ACTIVITY:
With the pictures omitted, print exactly the lines below, from the one containing "Nashville skyline" through the one containing "Bust Statue", and nothing else.

EXTRACTED ENTRIES:
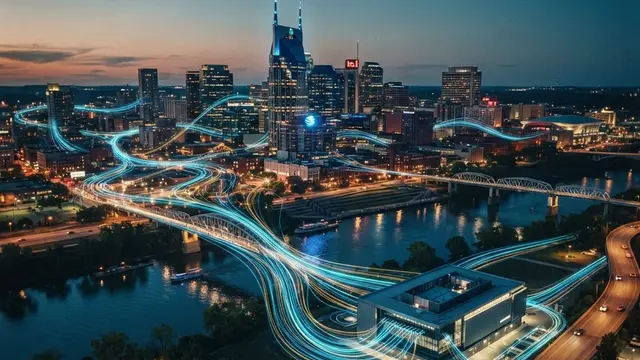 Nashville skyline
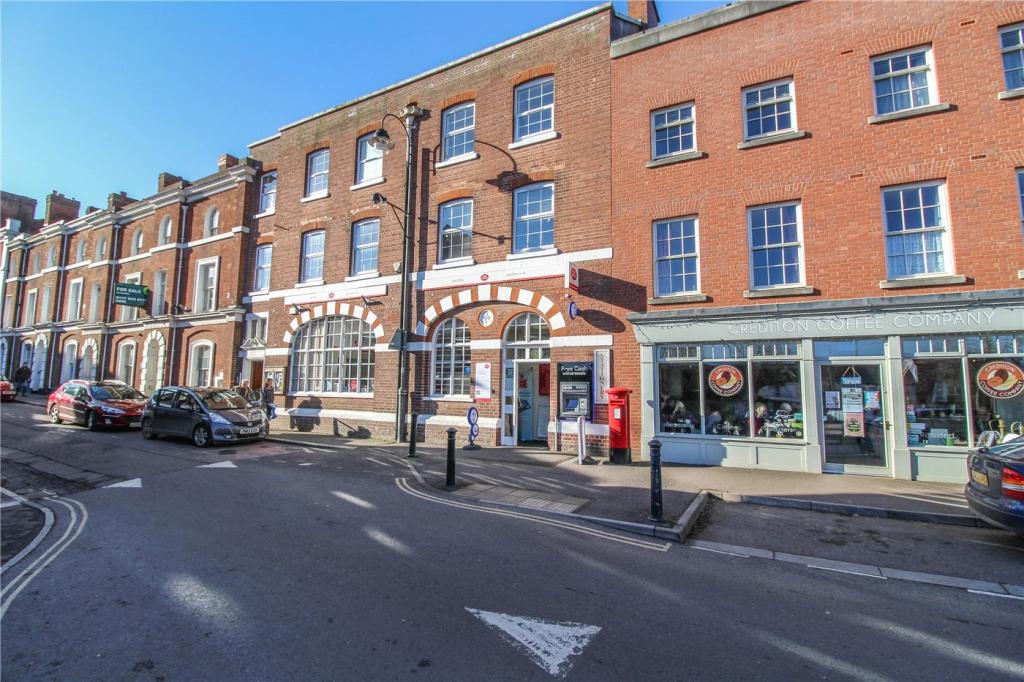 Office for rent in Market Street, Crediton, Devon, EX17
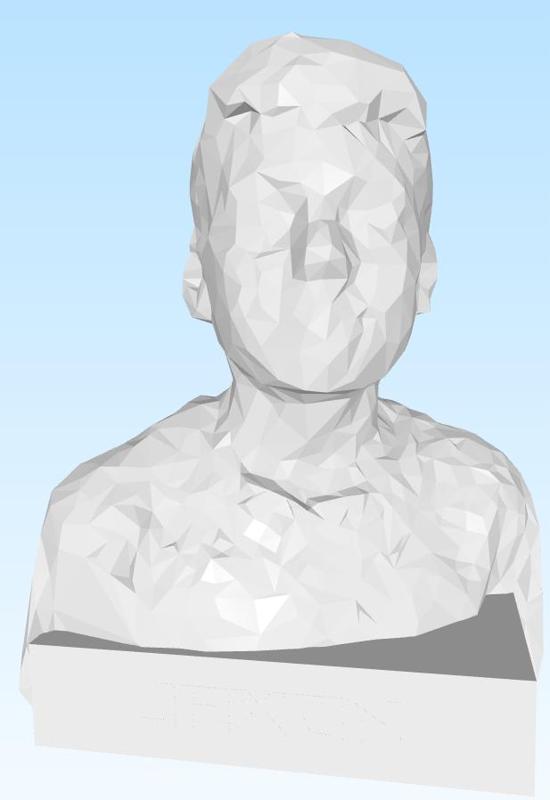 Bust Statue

* * *

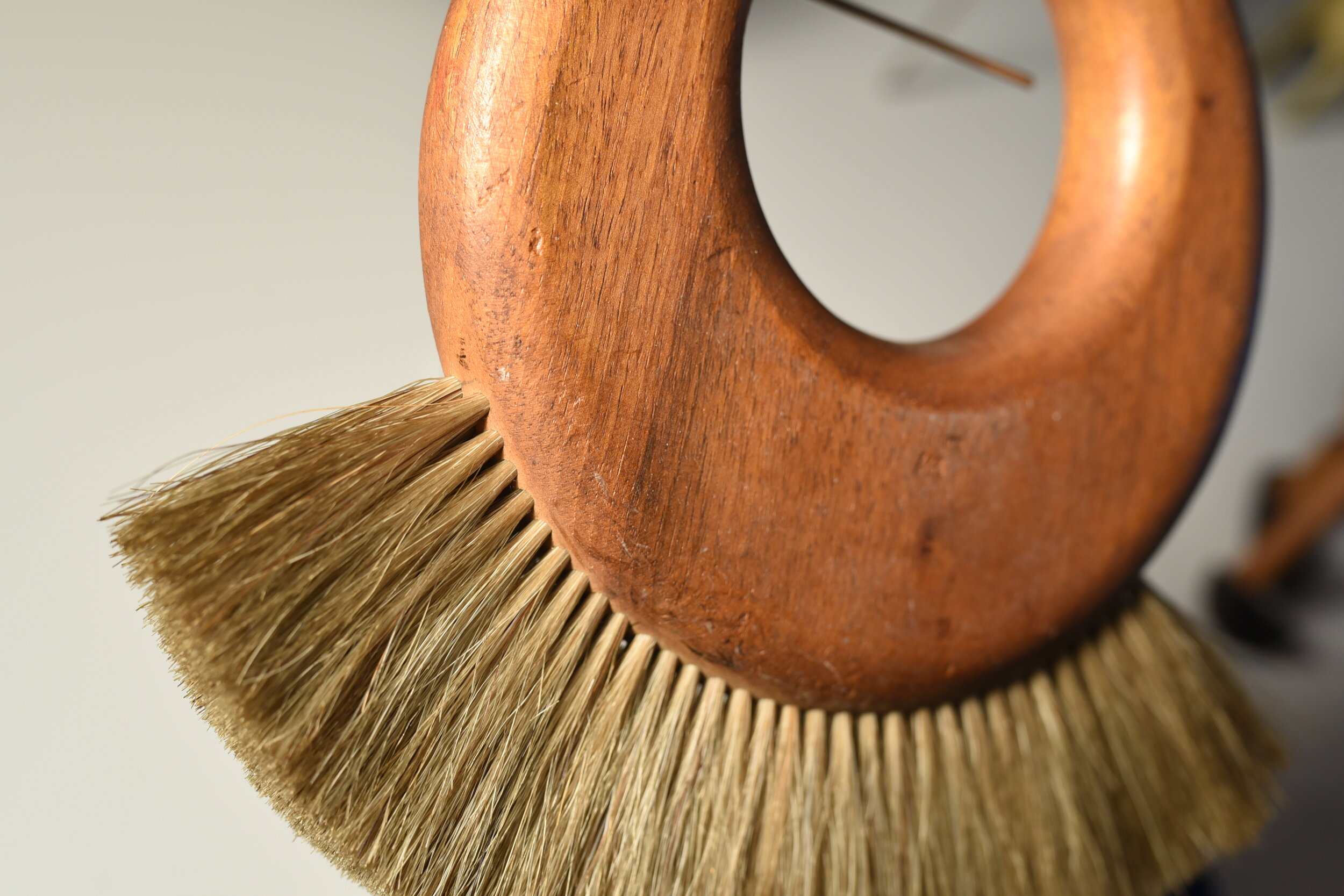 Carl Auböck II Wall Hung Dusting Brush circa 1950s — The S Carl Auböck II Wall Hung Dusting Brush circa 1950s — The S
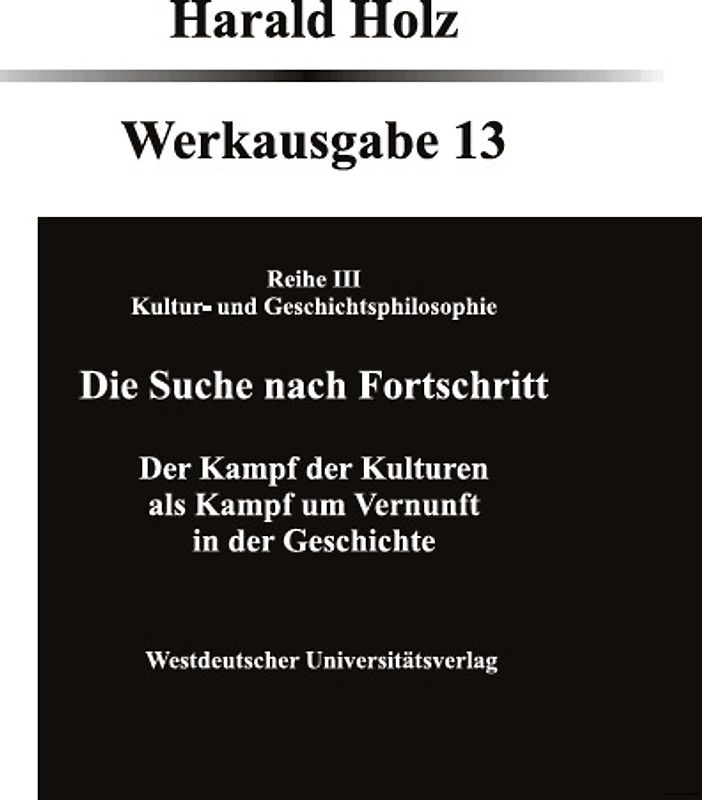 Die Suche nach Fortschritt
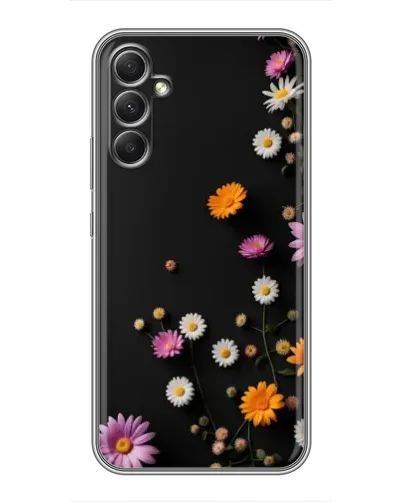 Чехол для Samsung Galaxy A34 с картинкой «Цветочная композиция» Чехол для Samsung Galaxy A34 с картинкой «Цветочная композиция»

--

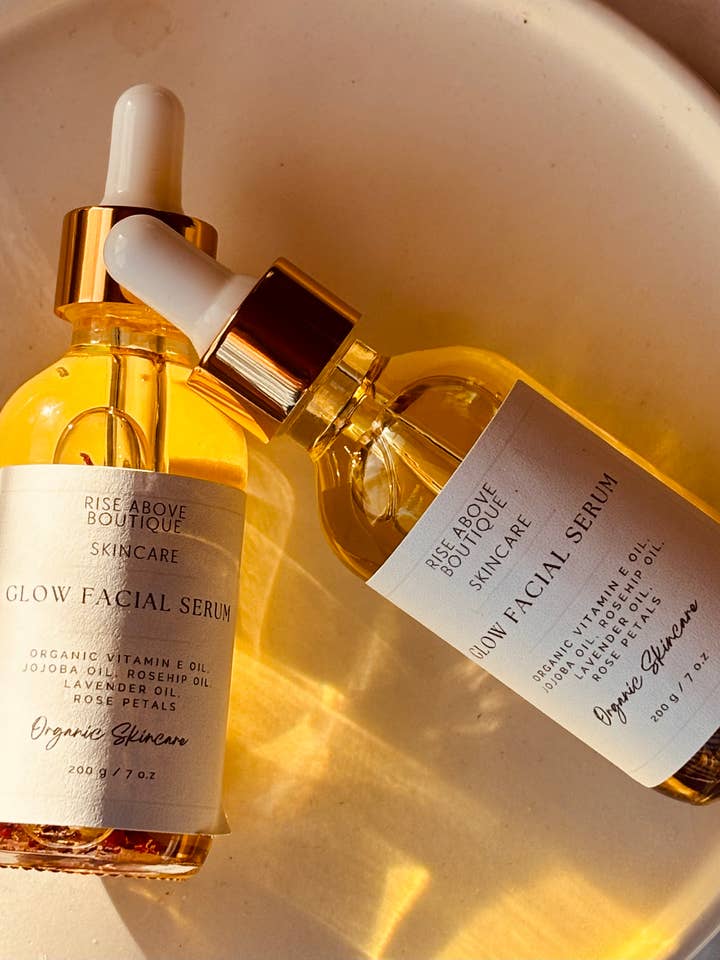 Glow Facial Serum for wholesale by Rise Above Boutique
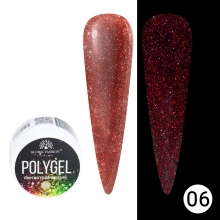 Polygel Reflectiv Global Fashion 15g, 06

ANSWER TO THE EXERCISE:
 Nashville skyline
 Office for rent in Market Street, Crediton, Devon, EX17
 Bust Statue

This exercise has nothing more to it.